The U.S. Army is spending $1.5 billion to buy components for 155mm shells and increase production capacity in response to Ukraine’s heavy use of the munitions in its defense against Russia, service officials announced Friday.
The money will help the service meet a monthly production goal of 80,000 by the end of 2025, the press release said. The service currently makes about 28,000 155mm shells a month, up from less than 20,000 in March.
That goal of 80,000 is less than the 85,000 announced in August by Doug Bush, assistant Army secretary for acquisition, and much less than the 100,000 announced in September by Bush and Pentagon acquisition chief Bill LaPlante. The six-figure monthly production target, Bush said last month, reflected “demand from Ukraine and the need to replenish ourselves and our allies.”

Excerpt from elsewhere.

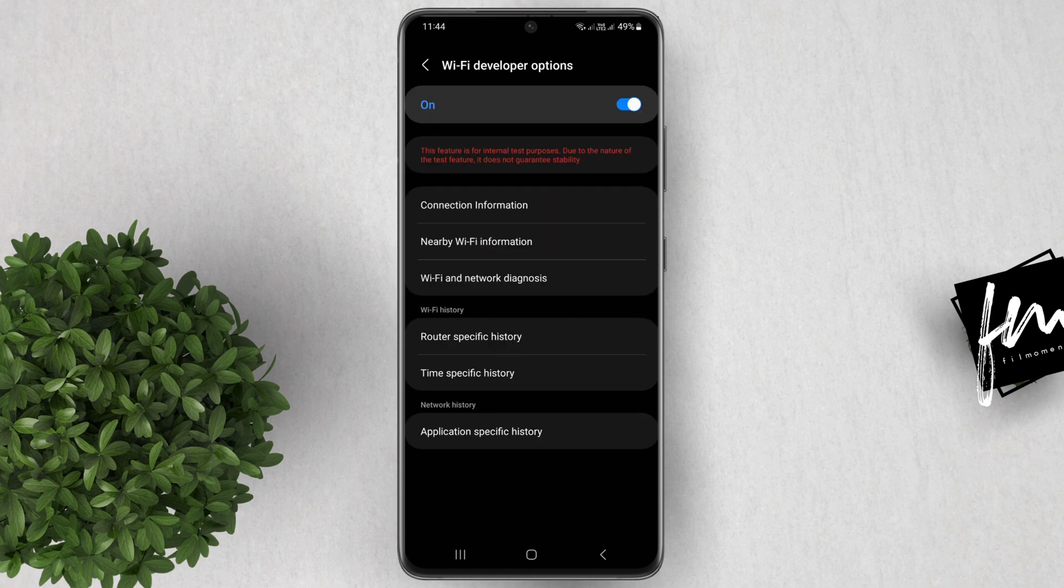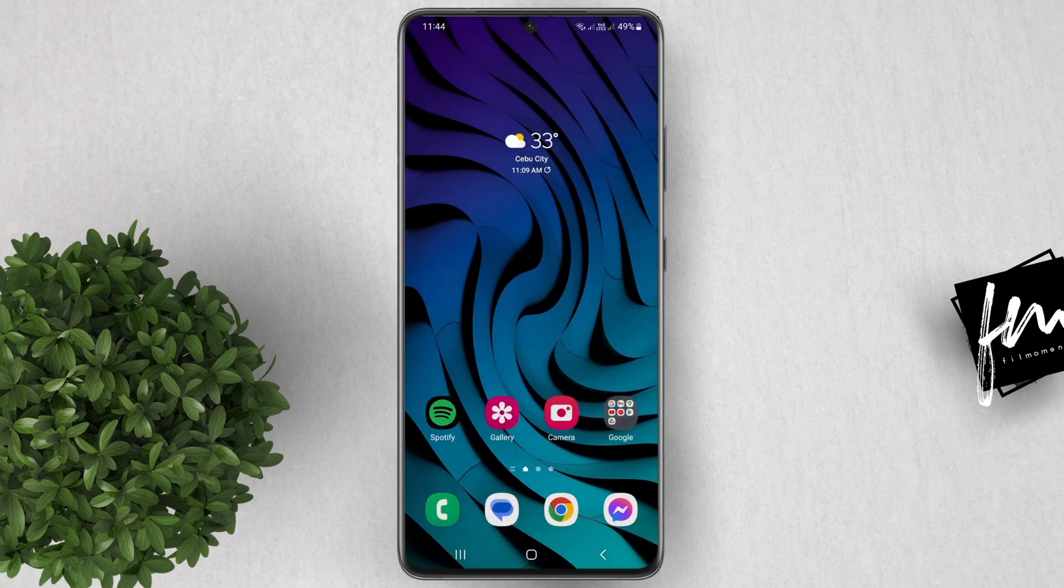There are several other settings in here that I think are useful, and it's good to know that it's available inside Wi-Fi developer options. For more how-to tutorials, please subscribe or click on other videos to keep on watching. Thank you.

Asked to explain the reduction, an Army spokesperson said in an email, “Mr. Bush has consistently placed the goal of 100K at the end of calendar ’25, so this release does not reflect a change from what has already been put out publicly.”

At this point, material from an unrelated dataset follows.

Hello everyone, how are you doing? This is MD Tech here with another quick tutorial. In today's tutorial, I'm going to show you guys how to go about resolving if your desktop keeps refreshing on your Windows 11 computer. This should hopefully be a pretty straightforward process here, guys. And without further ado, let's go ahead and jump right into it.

Army public affairs officials did not respond to further questions in time for publication of this article.
The U.S. has sent Ukraine more than two million of the shells, which can be fired by many, but not all, of the 155mm cannons donated to the wartorn country.
Last year, Russian units were estimated to fire as many as 600,000 shells per month. Ukrainian forces were firing far fewer—up 240,000 shells per month—but still strained U.S. and allied stockpiles and production capabilities.

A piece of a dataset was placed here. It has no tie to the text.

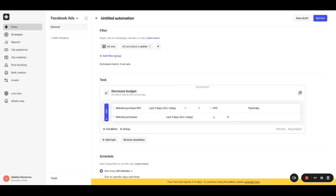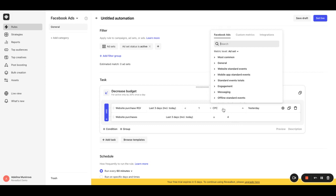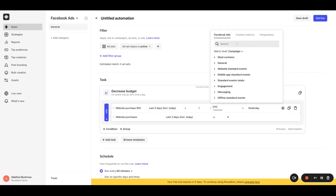You will notice the condition has now changed to comparing the website purchase rows metric to another metric. Now we can change the second metric to the website purchase rows at the campaign level by choosing campaign from the drop-down.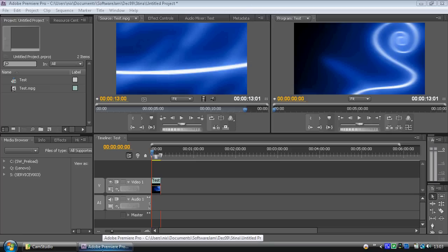Hey guys, this is part one of Understanding Adobe Encore and we find ourselves in Adobe Premiere.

The new Army money will buy primers, explosives, fuses, shell casings, and shell assembly. This includes 14.2 million pounds of TNT and IMX-104, 270,000 primers, 678,000 fuzes, 2.7 million Modular Artillery Charge System combustible cartridge cases, 1.6 million MACS propellant increments, and 451,000 M795/M1128 projectiles, the press release said.
The Army’s awards in part consist of multi-year procurement contracts, which the Pentagon pushed for in order to give industrial manufacturers the confidence to make investments in their production lines.
The contracts will go to locations in the U.S., including Tennessee, Pennsylvania, Arkansas, Iowa, and California; as well to companies in Poland, India, and Canada.